Procedural rules and principles
The rule relied on is CPR 3.4(2), which gives the court power to strike out a statement of case, or part of one:
“… if it appears to the court –
(a) that the statement of case discloses no reasonable grounds for bringing or defending the claim;
(b) that the statement of case is an abuse of the court’s process or is otherwise likely to obstruct the just disposal of the proceedings; or
(c) that there has been a failure to comply with a rule, practice direction or court order.”
The application notice relies on sub-rules (a) and (b) and the Court’s inherent jurisdiction. The statements of case and the parties’ arguments also call for consideration of sub-rule (c). The core principles are clear:
Particulars of Claim must include “a concise statement of the facts on which the claimant relies”, and “such other matters as may be set out in a Practice Direction”: CPR r 16.4(1)(a) and (e). The facts alleged must be sufficient, in the sense that, if proved, they would establish a recognised cause of action, and relevant.
An application under CPR 3.4(2)(a) calls for analysis of the statement of case, without reference to evidence. The primary facts alleged are assumed to be true.
The Court should not be deterred from deciding a point of law; if it has all the necessary materials it should “grasp the nettle”: ICI Chemicals & Polymers Ltd v TTE Training Ltd [2007] EWCA Civ 725, But it should not strike out under this sub-rule unless it is “certain” that the statement of case, or the part under attack discloses no reasonable grounds of claim: Richards (t/a Colin Richards & Co) v Hughes [2004] EWCA Civ 266 [2004] PNLR 35 [22]. Even then, the Court has a discretion; it should consider whether the defect might be cured by amendment; if so, it may refrain from striking out and give an opportunity to make such an amendment.

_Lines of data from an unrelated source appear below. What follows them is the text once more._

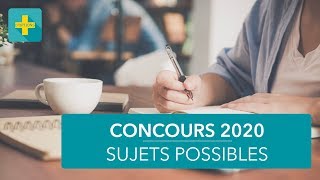 5 thèmes dactualité pour les sujets de concours 2020 [upl. by Lancelot355]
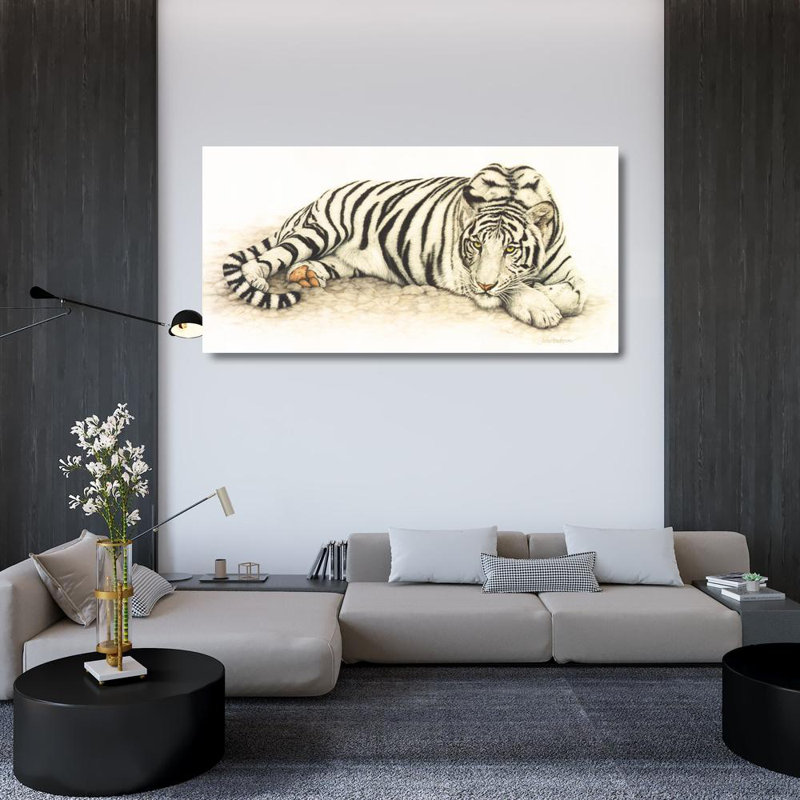 Tigre de Sibérie IMA-H500, 24'' H x 48'' W
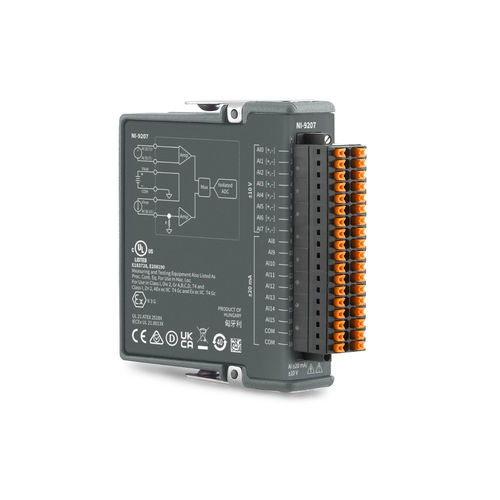 Входной модуль 16 каналов - NI-9207 - NATIONAL INSTRUMENTS - напряжения / тока / встраиваемый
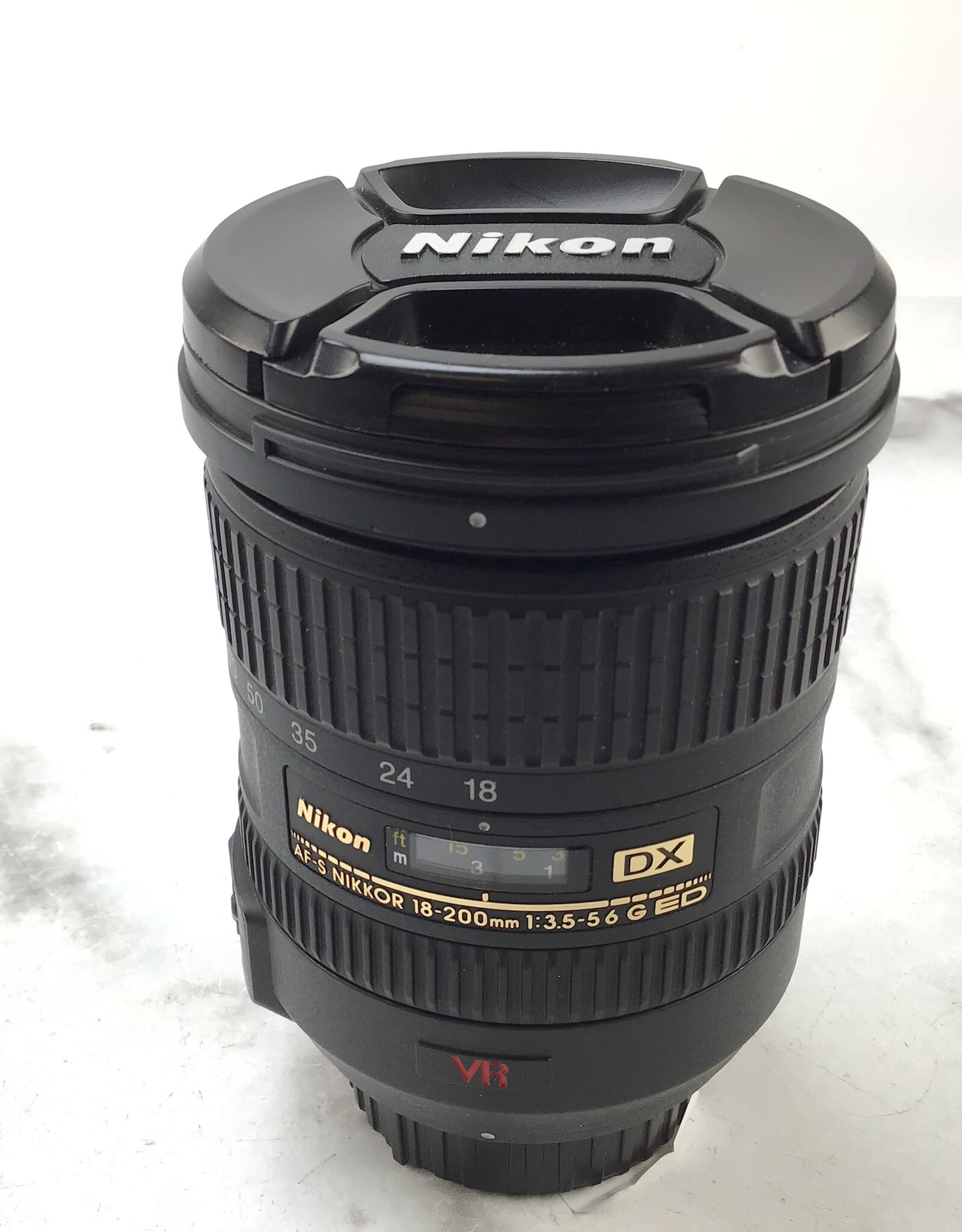 NIKON Nikon AF-S Nikkor 18-200mm f3.5-5.6 G DX VR Lens Used Good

Rule 3.4(2)(b) is broad in scope, and evidence is in principle admissible. The wording of the rule makes clear that the governing principle is that a statement of case must not be “likely to obstruct the just disposal of the proceedings”. Like all parts of the rules, that phrase must be interpreted and applied in the light of the overriding objective of dealing with a case “justly and at proportionate cost”. The previous rules, the Rules of the Supreme Court, allowed the court to strike out all or part of a statement of case if it was “scandalous”, a term which covered allegations of dishonesty or other wrongdoing that were irrelevant to the claim. The language is outmoded, but I agree with Mr White that the power to exclude such material remains. Allegations of that kind can easily be regarded as “likely to obstruct the just disposal” of proceedings.
“Abuse of process” is a sub-set of category (b). An abuse of process is a significant or substantial misuse of the process. It may take a variety of forms. Typical examples are proceedings which are vexatious, or attempts to re-litigate issues decided before, or claims which are “not worth the candle” (Jameel v Dow Jones & Co Inc [2005] EWCA Civ 75 [2005] QB 946). But the categories are not closed.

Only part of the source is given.